SUPREME COURT OF THE STATE OF NEW YORK APPELLATE DIVISION SECOND JUDICIAL DEPARTMENT


March 17, 2009

ANJANIE RAGUBIR, ET AL., APPELLANTS,
v.
44 COURT STREET, LLC, ET AL., DEFENDANTS THIRD-PARTY PLAINTIFFS-RESPONDENTS; LITTLE FLOWER CHILDREN'S SERVICES OF NEW YORK, ETC., THIRD-PARTY DEFENDANT-RESPONDENT.

In an action to recover damages for personal injuries, etc., the plaintiffs appeal from an order of the Supreme Court, Kings County (Ruditzky, J.), dated September 20, 2006, which denied their motion to vacate a judgment of the same court entered August 17, 2006, which, inter alia, was in favor of the defendants and against them dismissing the complaint with prejudice, and to impose costs and sanctions upon the third-party defendant pursuant to 22 NYCRR 130-1.1.

Published by New York State Law Reporting Bureau pursuant to Judiciary Law § 431.

This opinion is uncorrected and subject to revision before publication in the Official Reports.

REINALDO E. RIVERA, J.P., DAVID S. RITTER, HOWARD MILLER and ARIEL E. BELEN, JJ.

(Index No. 26371/00)

DECISION & ORDER

ORDERED that the order is affirmed, with one bill of costs payable to the respondents appearing separately and filing separate briefs.

Contrary to the plaintiffs' assertion, they failed to comply with a conditional order of dismissal dated February 23, 2006, which was based upon their failure, among other things, to provide records from their neuropsychiatric expert, which were not shown to be unavailable (cf.
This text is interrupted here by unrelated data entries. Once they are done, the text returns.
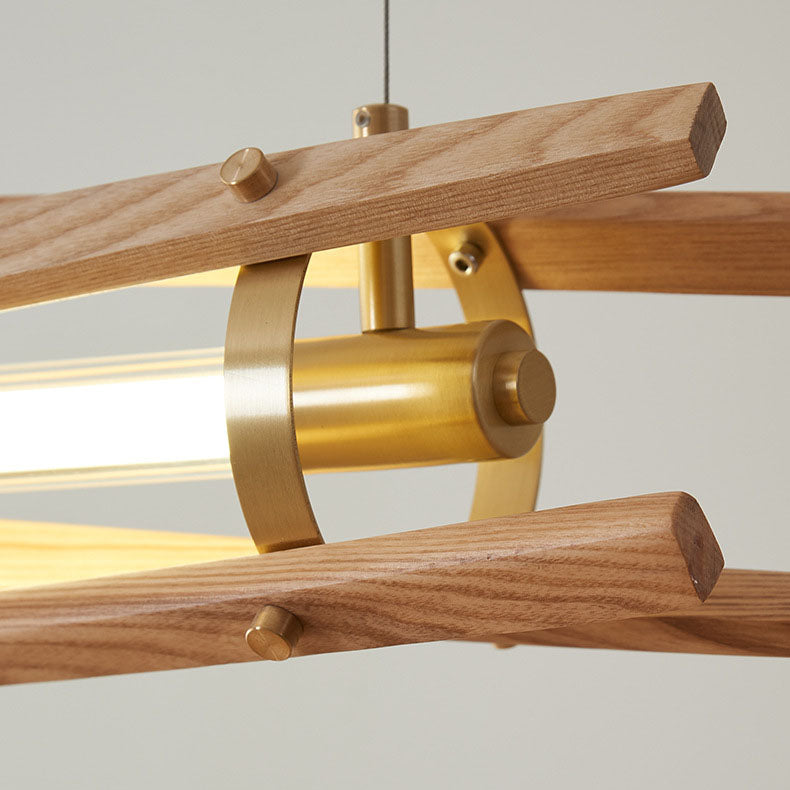 Rustic Ash Wood & Brass LED Island Chandelier for Dining Room Elegance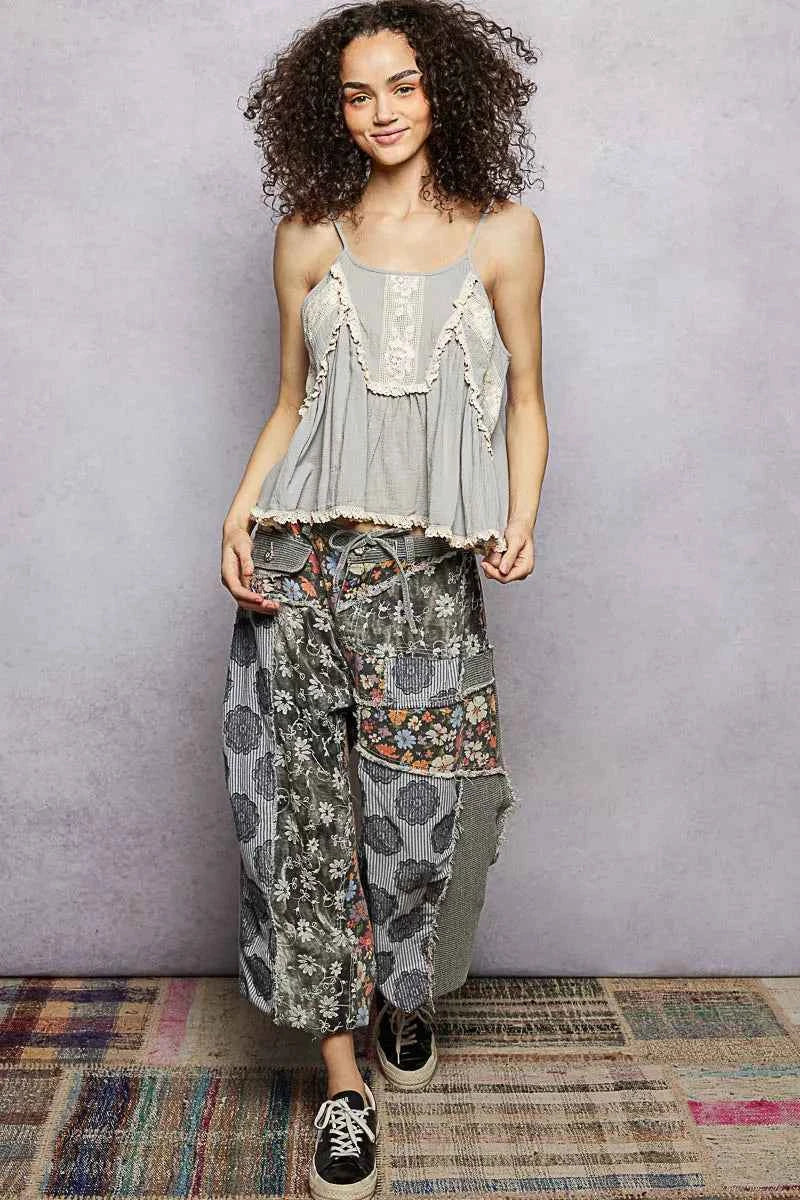 POL Boho Lace Trim Flowy Cami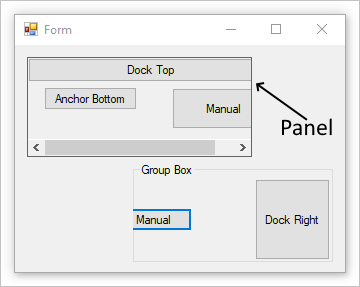 Formulář Windows s panelem a polem skupiny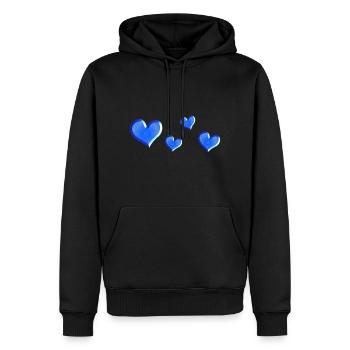 quatre cœurs bleu scintillants - Sweat à capuche Premium bio Homme - noir - Devant - Nico (187cm)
Brennan v McCarthy, 255 AD2d 477). Upon the plaintiffs' failure to comply with the conditional order of dismissal, that order became absolute (see Echevarria v Pathmark Stores, Inc., 7 AD3d 750, 751), providing the Supreme Court with a basis upon which to enter judgment against the plaintiffs dismissing the complaint with prejudice. To avoid the adverse impact of that order and the judgment entered thereon, the plaintiffs were required to demonstrate a reasonable excuse for their default in providing the records and the existence of a meritorious claim (see Echevarria v Pathmark Stores, Inc., 7 AD3d at 751; Cenzano v Cenzano, 250 AD2d 568). However, the plaintiffs failed to proffer a reasonable excuse for their failure to comply with the conditional order, or for their repeated failure to comply with other orders directing discovery and to appear for scheduled conferences (see Clarke v United Parcel Serv., 300 AD2d 614, 615; Ranfort v Peak Tours, 250 AD2d 747; Cenzano v Cenzano, 250 AD2d 568; Unity Mfg. Corp. v St. Paul Fire & Mar. Ins. Co., 97 AD2d 462). Moreover, the plaintiffs failed to establish a meritorious cause of action. Accordingly, the Supreme Court providently exercised its discretion in denying the plaintiffs' motion to vacate the judgment dismissing the complaint with prejudice.

The plaintiffs' remaining contentions are without merit.

RIVERA, J.P., RITTER, MILLER and BELEN, JJ., concur.